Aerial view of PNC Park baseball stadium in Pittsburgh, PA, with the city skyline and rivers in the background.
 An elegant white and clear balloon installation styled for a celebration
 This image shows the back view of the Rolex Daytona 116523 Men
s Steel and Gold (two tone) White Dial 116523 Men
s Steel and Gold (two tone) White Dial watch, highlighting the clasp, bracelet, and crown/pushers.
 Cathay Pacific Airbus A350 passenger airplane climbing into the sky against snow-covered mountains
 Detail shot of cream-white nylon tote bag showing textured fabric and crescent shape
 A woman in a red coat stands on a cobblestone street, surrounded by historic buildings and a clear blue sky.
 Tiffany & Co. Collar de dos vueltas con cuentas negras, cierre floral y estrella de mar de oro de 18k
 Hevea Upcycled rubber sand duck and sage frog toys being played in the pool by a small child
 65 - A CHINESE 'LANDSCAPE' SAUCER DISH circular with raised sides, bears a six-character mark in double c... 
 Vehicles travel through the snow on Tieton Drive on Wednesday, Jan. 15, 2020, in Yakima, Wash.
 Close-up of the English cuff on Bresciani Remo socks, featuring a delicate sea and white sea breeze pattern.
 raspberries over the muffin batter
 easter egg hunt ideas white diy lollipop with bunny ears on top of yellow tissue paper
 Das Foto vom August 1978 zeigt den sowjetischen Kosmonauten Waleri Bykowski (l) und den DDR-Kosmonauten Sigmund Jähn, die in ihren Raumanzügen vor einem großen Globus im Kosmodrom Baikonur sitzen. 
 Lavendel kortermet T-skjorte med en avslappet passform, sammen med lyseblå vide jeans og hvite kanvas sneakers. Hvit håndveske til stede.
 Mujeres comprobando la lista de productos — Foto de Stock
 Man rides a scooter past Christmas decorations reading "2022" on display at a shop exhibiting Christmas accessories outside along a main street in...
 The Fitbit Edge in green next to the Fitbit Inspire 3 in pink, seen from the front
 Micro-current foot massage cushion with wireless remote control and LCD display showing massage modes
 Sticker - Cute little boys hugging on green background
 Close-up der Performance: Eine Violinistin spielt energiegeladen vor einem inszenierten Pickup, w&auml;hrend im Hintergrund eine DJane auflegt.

Problem statement ::
Exactly the lines from the one containing "Close-up of the" through the final line of the records above are needed, copied word for word.

The answer ::
 Close-up of the English cuff on Bresciani Remo socks, featuring a delicate sea and white sea breeze pattern.
 raspberries over the muffin batter
 easter egg hunt ideas white diy lollipop with bunny ears on top of yellow tissue paper
 Das Foto vom August 1978 zeigt den sowjetischen Kosmonauten Waleri Bykowski (l) und den DDR-Kosmonauten Sigmund Jähn, die in ihren Raumanzügen vor einem großen Globus im Kosmodrom Baikonur sitzen. 
 Lavendel kortermet T-skjorte med en avslappet passform, sammen med lyseblå vide jeans og hvite kanvas sneakers. Hvit håndveske til stede.
 Mujeres comprobando la lista de productos — Foto de Stock
 Man rides a scooter past Christmas decorations reading "2022" on display at a shop exhibiting Christmas accessories outside along a main street in...
 The Fitbit Edge in green next to the Fitbit Inspire 3 in pink, seen from the front
 Micro-current foot massage cushion with wireless remote control and LCD display showing massage modes
 Sticker - Cute little boys hugging on green background
 Close-up der Performance: Eine Violinistin spielt energiegeladen vor einem inszenierten Pickup, w&auml;hrend im Hintergrund eine DJane auflegt.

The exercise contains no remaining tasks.